*** Information shown Section Begins ***

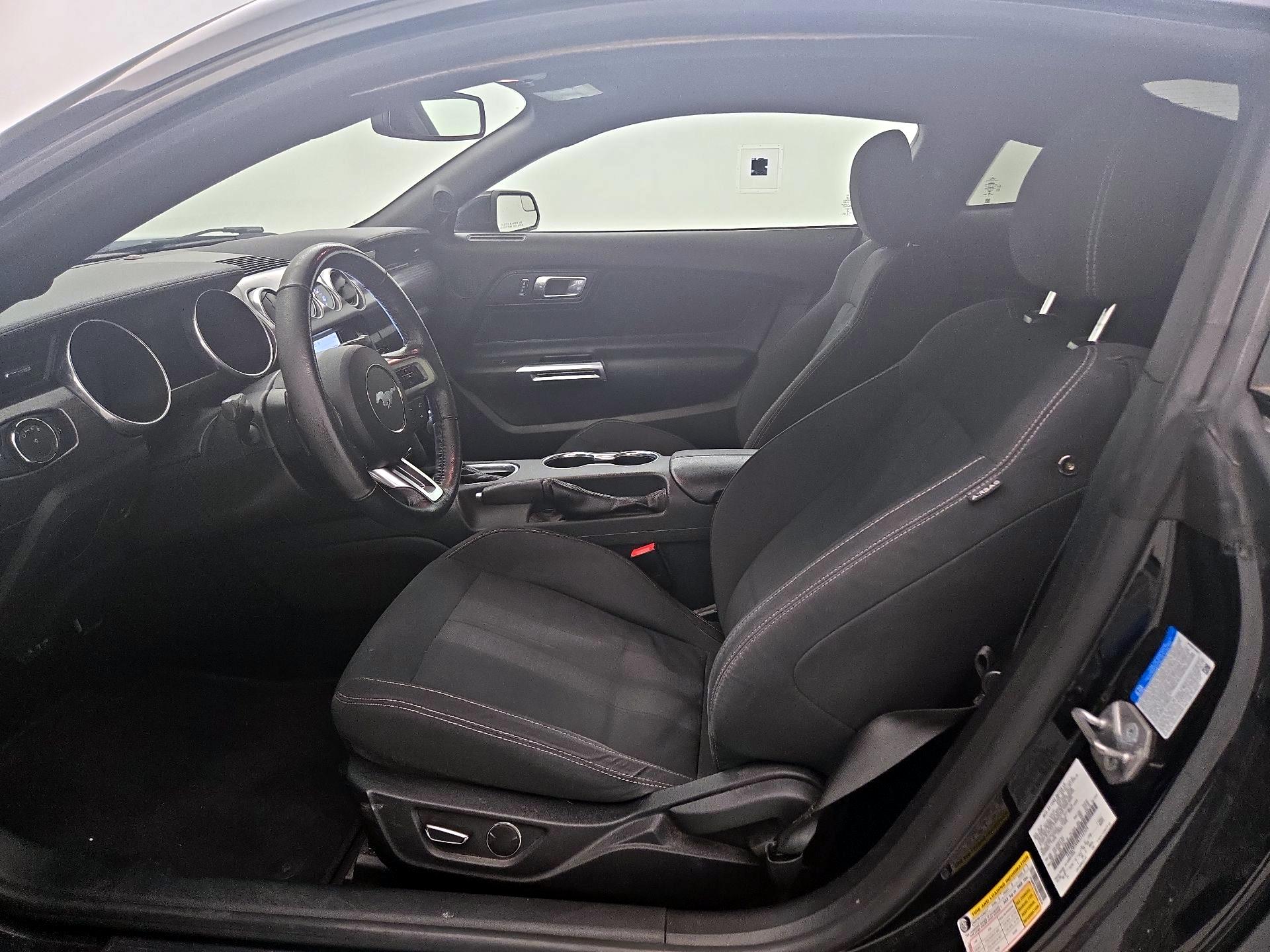 Thumbnail: 2019 Ford Mustang - 11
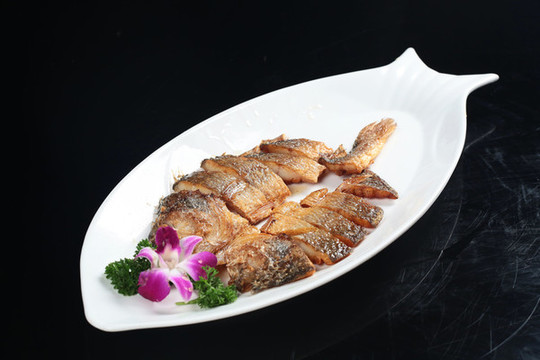 香煎淡水咸魚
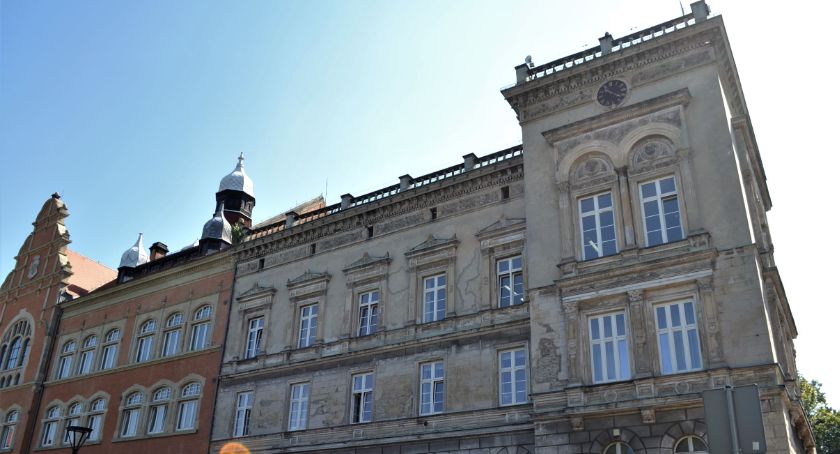 Prawą ręką do lewego ucha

*** Information shown Section Ends ***

__What this task involves__. The finished answer is an exact repetition of the listing, with every picture removed.

__Problem solution__.
 Thumbnail: 2019 Ford Mustang - 11
 香煎淡水咸魚
 Prawą ręką do lewego ucha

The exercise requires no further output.